### [Provided material]
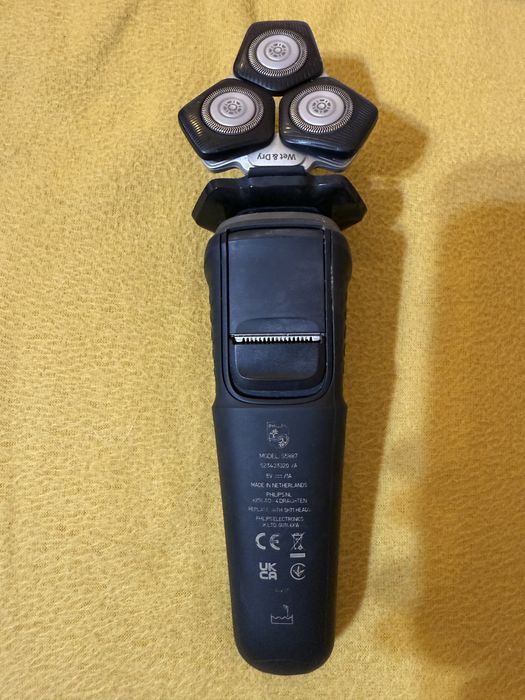 Aparat barbierit tuns Philips Shaver 5000 S5887/10 fara fir, garantie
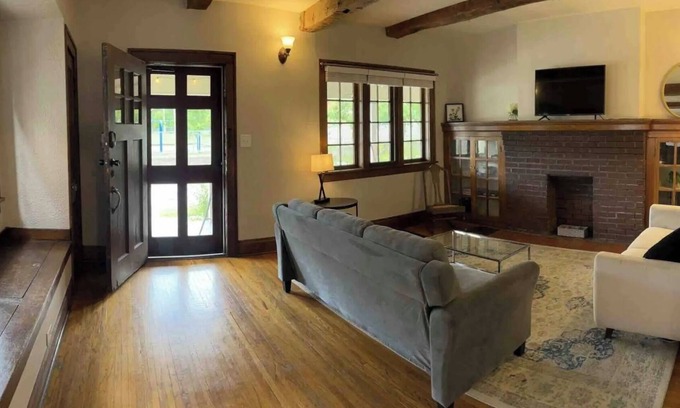 Clintonville House | Cozy Clintonville 3-Bed Mid-Century Townhome with Parking near OSU 1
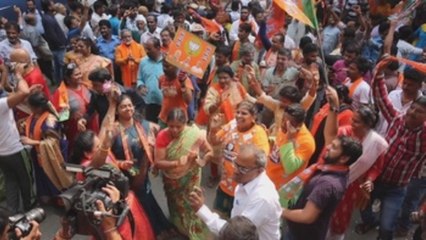 Bailes y carteles gigantes de Modi para celebrar la victoria electoral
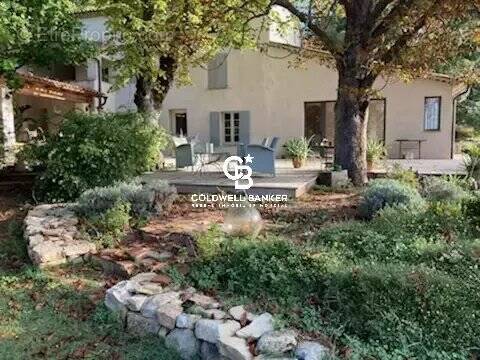 Maison à SAINT-ANTONIN-DU-VAR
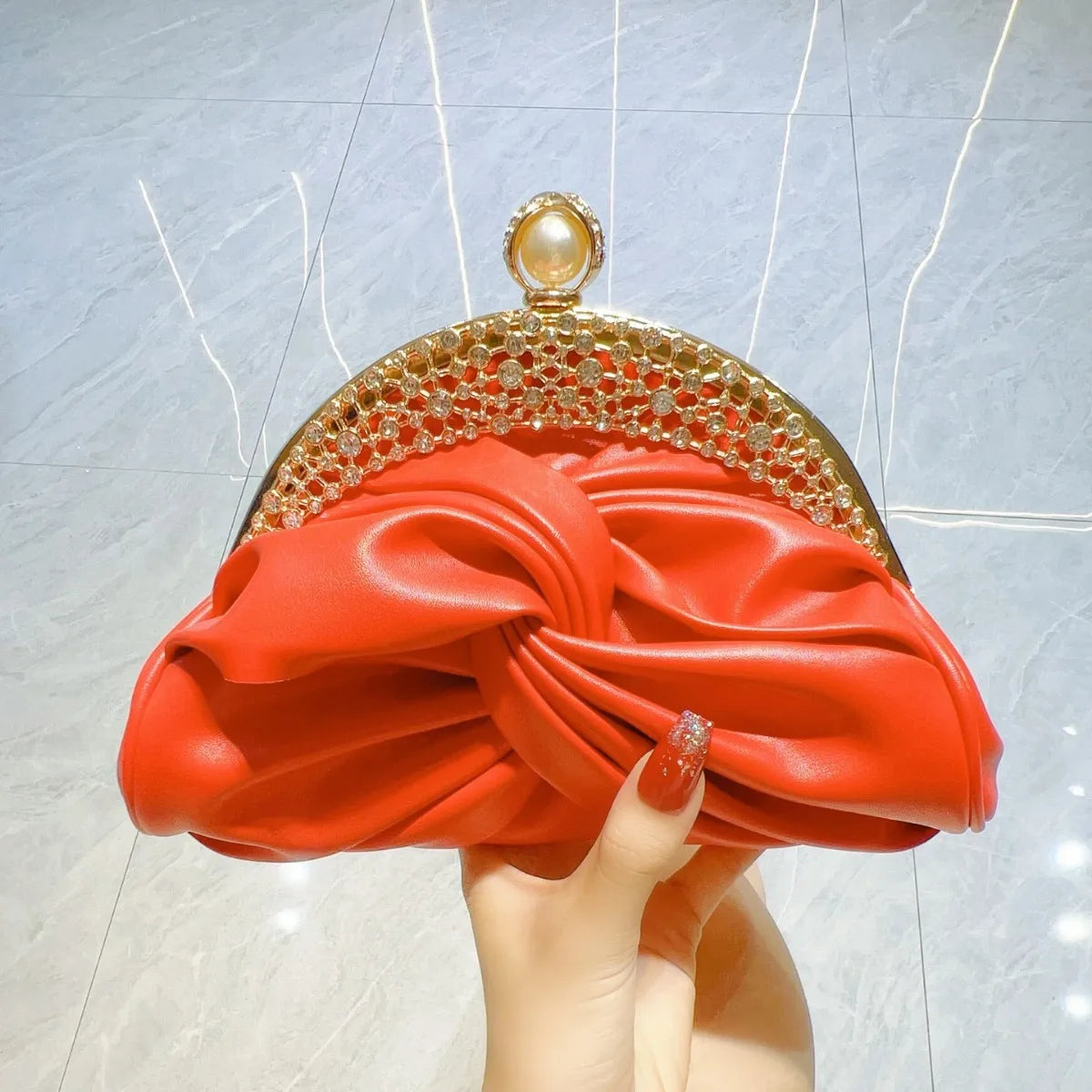 Luxury Floral Minaudière Chain Shoulder Bag for Women – Elegant Red Party Clutch for Weddings & Prom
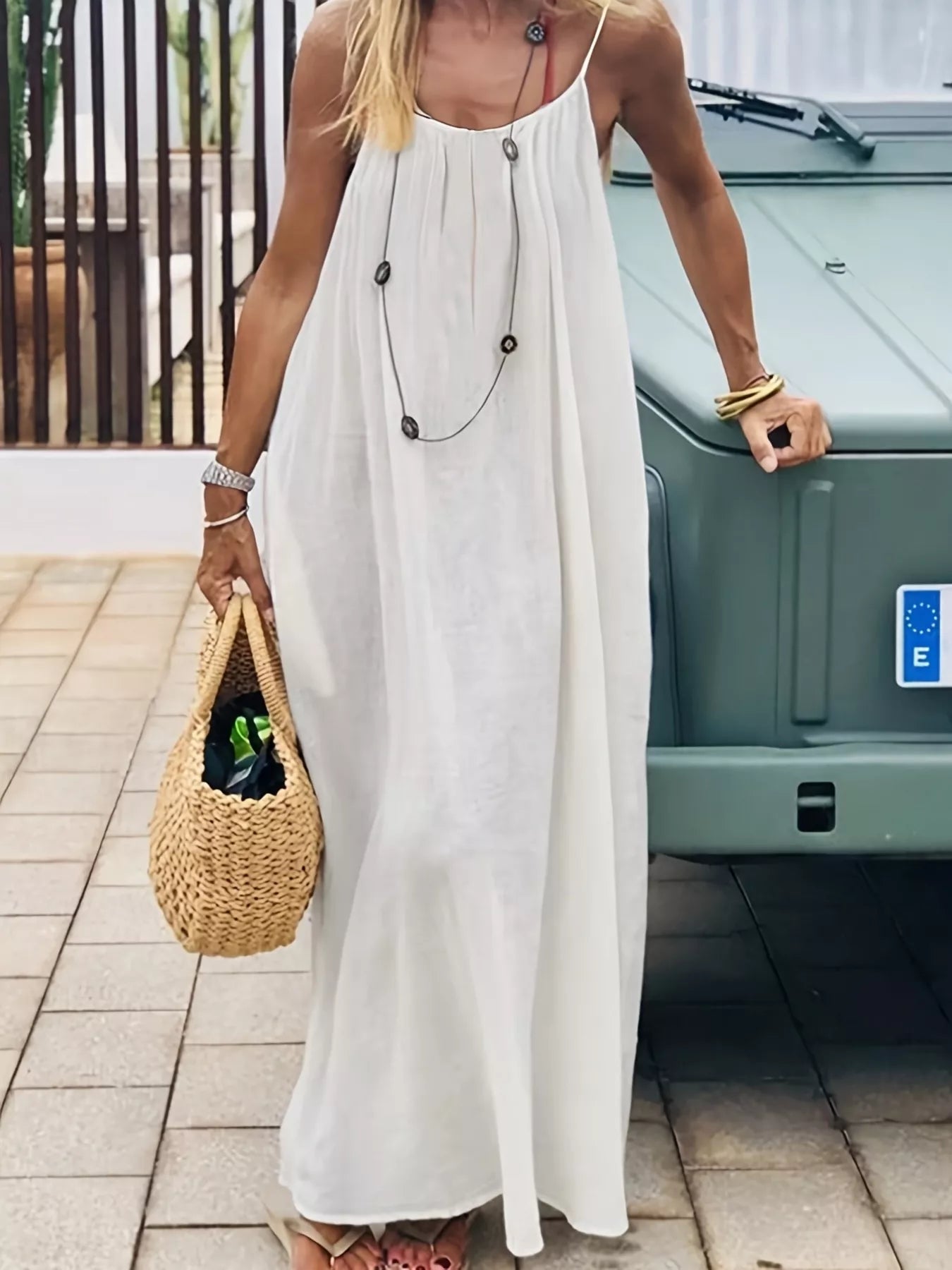 Backless Scoop Neck Maxi Dress With Tie Back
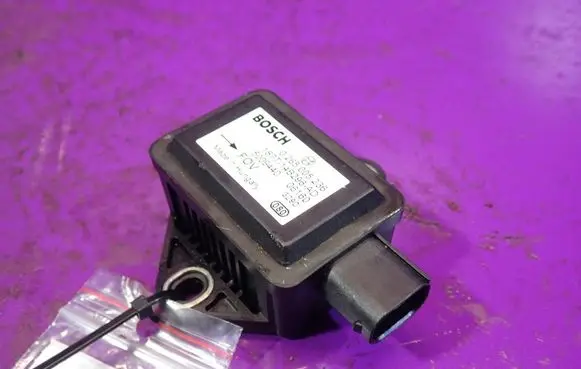 Jaguar X-Type ESP acceleration yaw rate sensor 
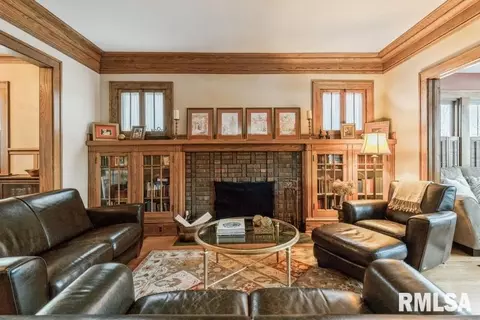 2318 12th St, Moline, IL 61265 photo 6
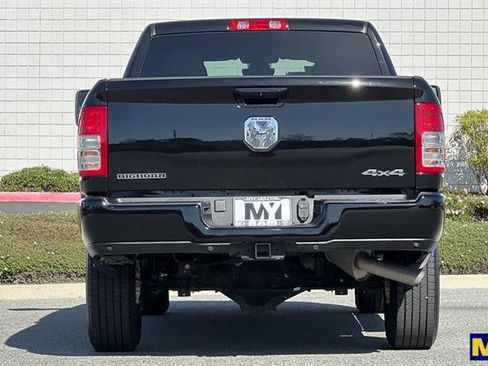 Used 2024 RAM 2500 Big Horn w/ Sport Appearance Package image 5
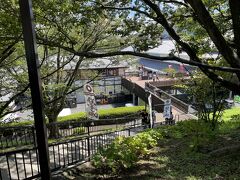 熊本城に来ました。駐車場から結構歩きます。
暑いので、眼下に見える城下町（桜の馬場 城彩苑）には寄らず。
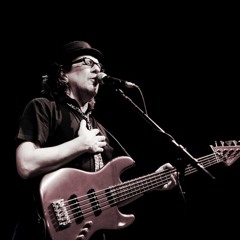 Alex Alvear - Esta historia no es de risa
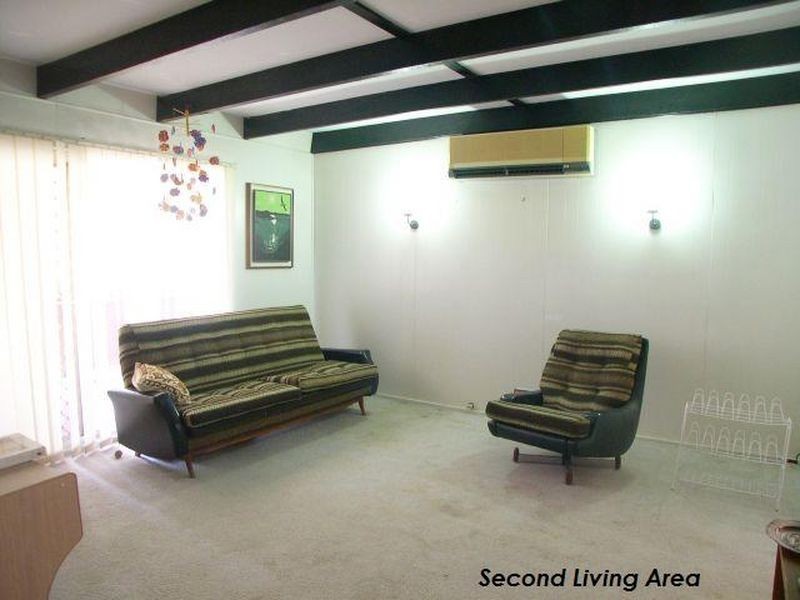 10 Erina Avenue, Woy Woy NSW 2256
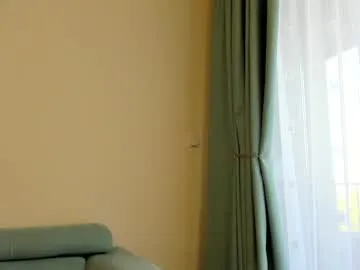 DollyTall – webcam model profile photo Image 18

### [Exercise goal]
The expected output is every entry above, retyped exactly, with the pictures removed.

### [Response]
 Aparat barbierit tuns Philips Shaver 5000 S5887/10 fara fir, garantie
 Clintonville House | Cozy Clintonville 3-Bed Mid-Century Townhome with Parking near OSU 1
 Bailes y carteles gigantes de Modi para celebrar la victoria electoral
 Maison à SAINT-ANTONIN-DU-VAR
 Luxury Floral Minaudière Chain Shoulder Bag for Women – Elegant Red Party Clutch for Weddings & Prom
 Backless Scoop Neck Maxi Dress With Tie Back
 Jaguar X-Type ESP acceleration yaw rate sensor 
 2318 12th St, Moline, IL 61265 photo 6
 Used 2024 RAM 2500 Big Horn w/ Sport Appearance Package image 5
 熊本城に来ました。駐車場から結構歩きます。
暑いので、眼下に見える城下町（桜の馬場 城彩苑）には寄らず。
 Alex Alvear - Esta historia no es de risa
 10 Erina Avenue, Woy Woy NSW 2256
 DollyTall – webcam model profile photo Image 18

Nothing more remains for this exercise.